We're gonna try to keep Tully's open as an option, or even back again as a residency (barring other Better Offers). I wish Dave had put the hours back to 10:00, not just 9, but you can't have everything.

It's clear that Moxie is Not Gonna Work Out, at least not in the short run. This last weekend was encouraging -- it was way up from the all-time low of Exactly Nobody the weekend before. I'd'a said that two more Saturdays of "near nobody" would have fulfilled our obligation to Jill. Admittedly, apparently everywhere was Really Slow through the holidays, and the grocery strike is still ongoing, so many of the "chances" that Moxie had to "show us the audience" were unfairly stacked against poor Jill and her little cardboard sign.

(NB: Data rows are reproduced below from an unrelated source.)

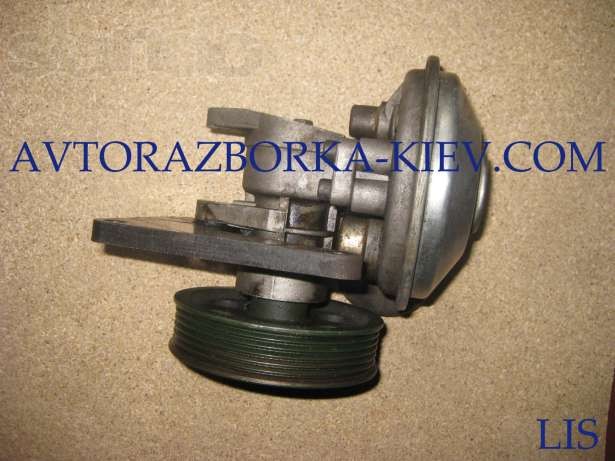 Вакуумний насос Peugeot Boxer грузовой 2000 2.4 Дизель 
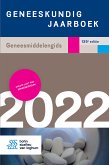 Geneeskundig Jaarboek 2022 (eBook, PDF)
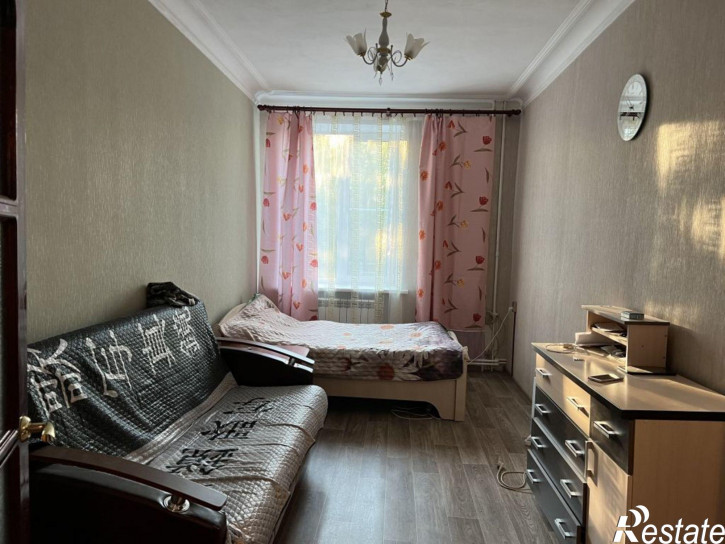 3-комн квартира Симановского ул, 92А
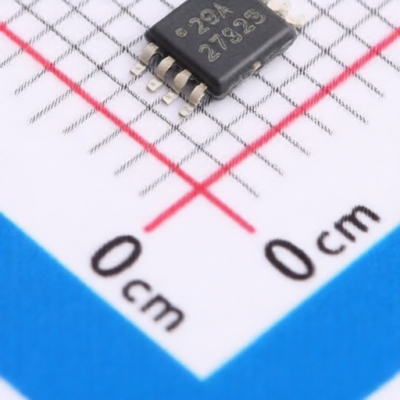 TI UCC27323DGNR for sale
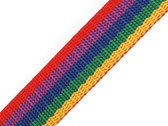 Tassenband 30mm Band voor tassen in multi kleuren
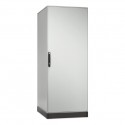 APC NSYSFRSEDC268E rack cabinet 42U Freestanding rack Silver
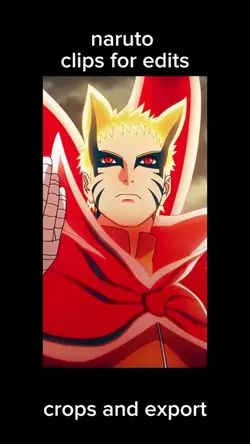 naruto clips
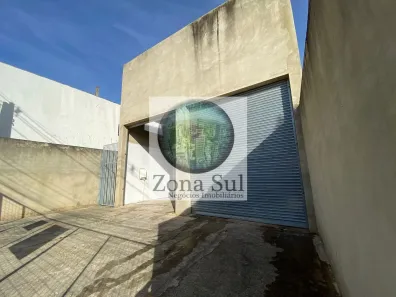 Galpão / Depósito / Armazém para venda ou aluguel, 260m² no Jardim Paulista, Votorantim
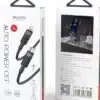 empaque cable lightning 27w CA159 Yesido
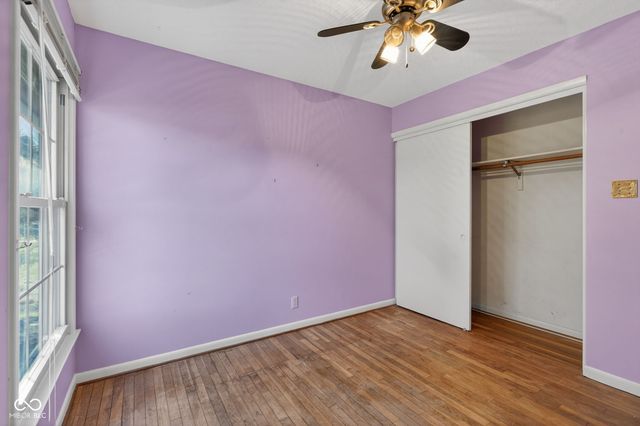 710 Forest Boulevard, Indianapolis, IN 46240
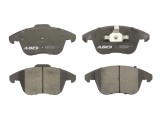 Set placute frana,frana disc CITROEN C4 Picasso I (UD) (2007 - 2013) ABE C1C058ABE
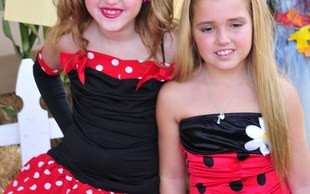 Noah Cyrus bierze się za nieodpowiedni dla 9-latek repertuar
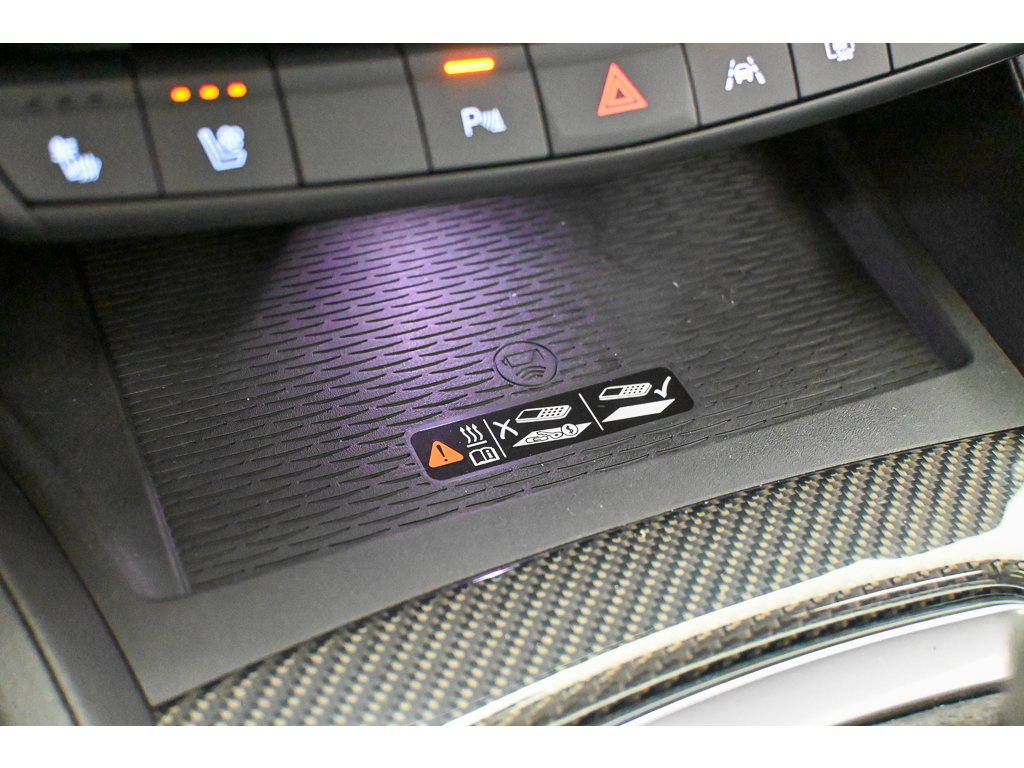 New 2026 Cadillac CT5 V Blackwing w/ Precision Package RWD image 34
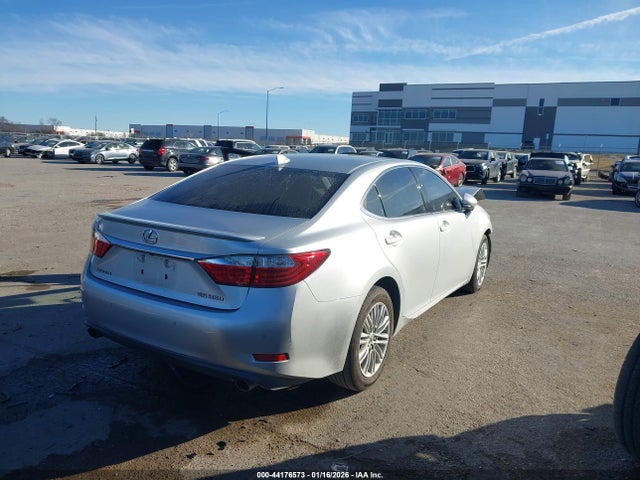 Aukcja sprzedaży 2015 Lexus Es 350, vin: JTHBK1GG6F2196873, numer aukcji: 44176573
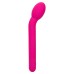 Bliss Liquid Silicone Tulip - Pink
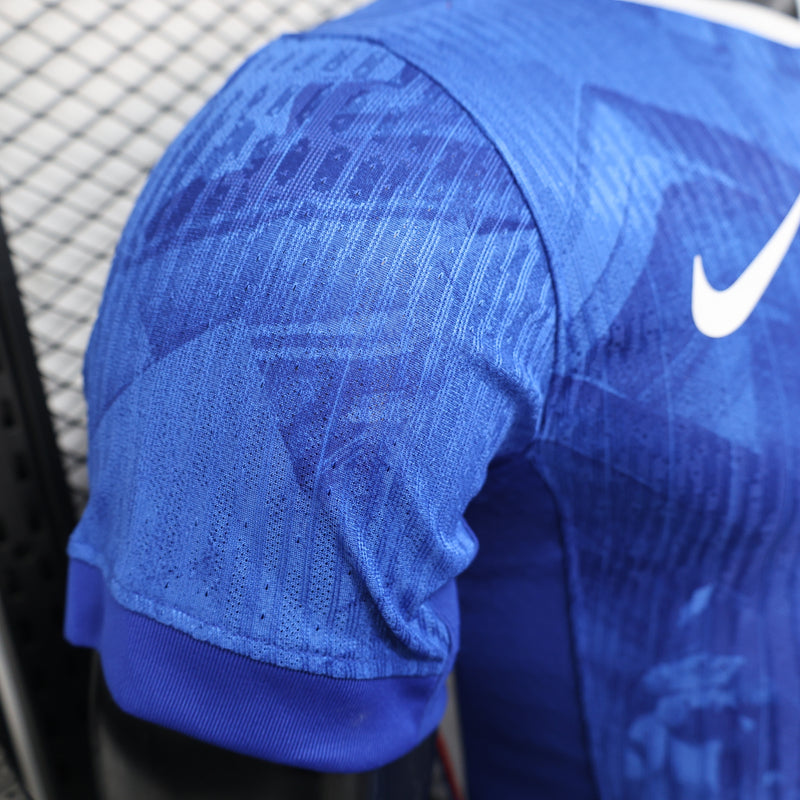 25-26 Chelsea primera equipación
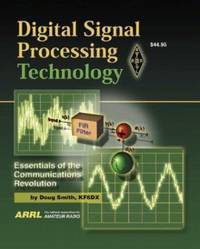 Digital Signal Processing Technology : Essentials of the Communications Revolution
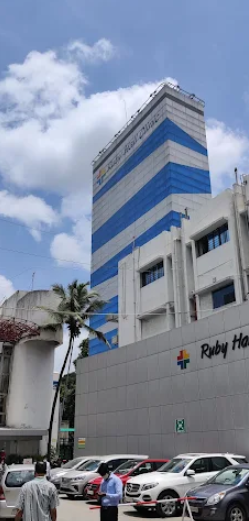 Ruby Hall Clinic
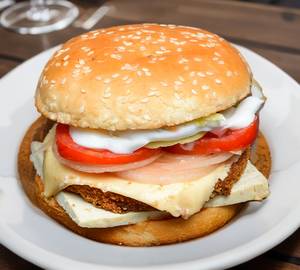Veg Burger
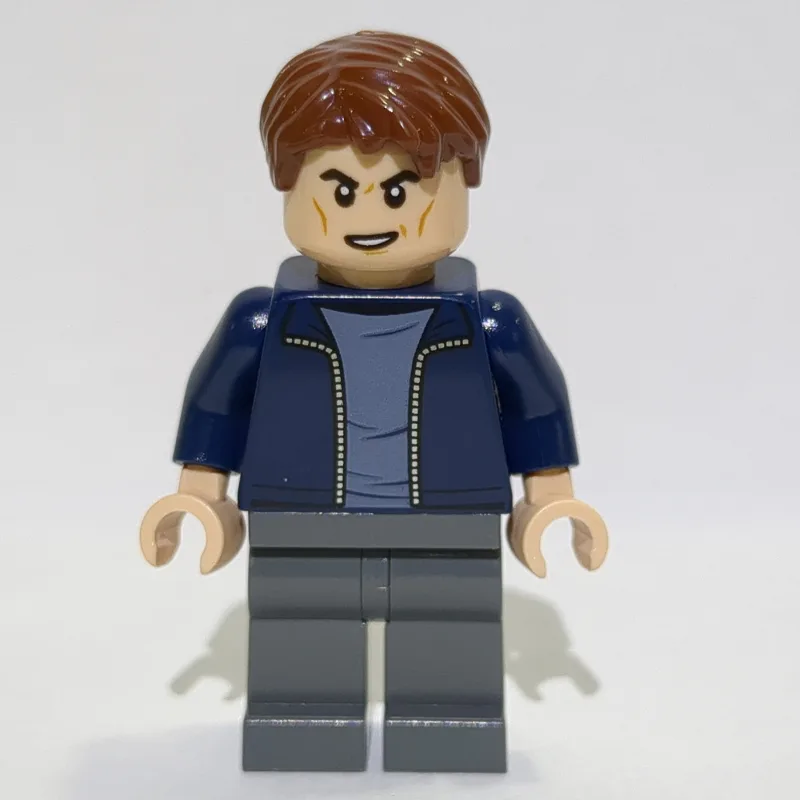 Guard — dans quels sets LEGO ? (fig-012498) | Brick Broker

I don't want to get off on a rant, but my problems with Tully's are (a) short hours and (b) lack of support. Even if they back down on the open resentment, the fact that Manager Dave won't even put a stinkin' sign in the window bugs me. Moxie at least put up The Sign and some of my little posters, and Del Lago put up signs *and* handed us some cash. Dave won't do either -- and for the first oh, three months, that was understandable. But after a year of free Saturdays, you'd think he'd have thrown us a bone. "Live music Saturdays" written across the bottom of the whiteboard standing outside would have been a start.

Still, it's better'n nothin'. Even if the management and staff treat us like a scourge, the customers tend to be mostly nice.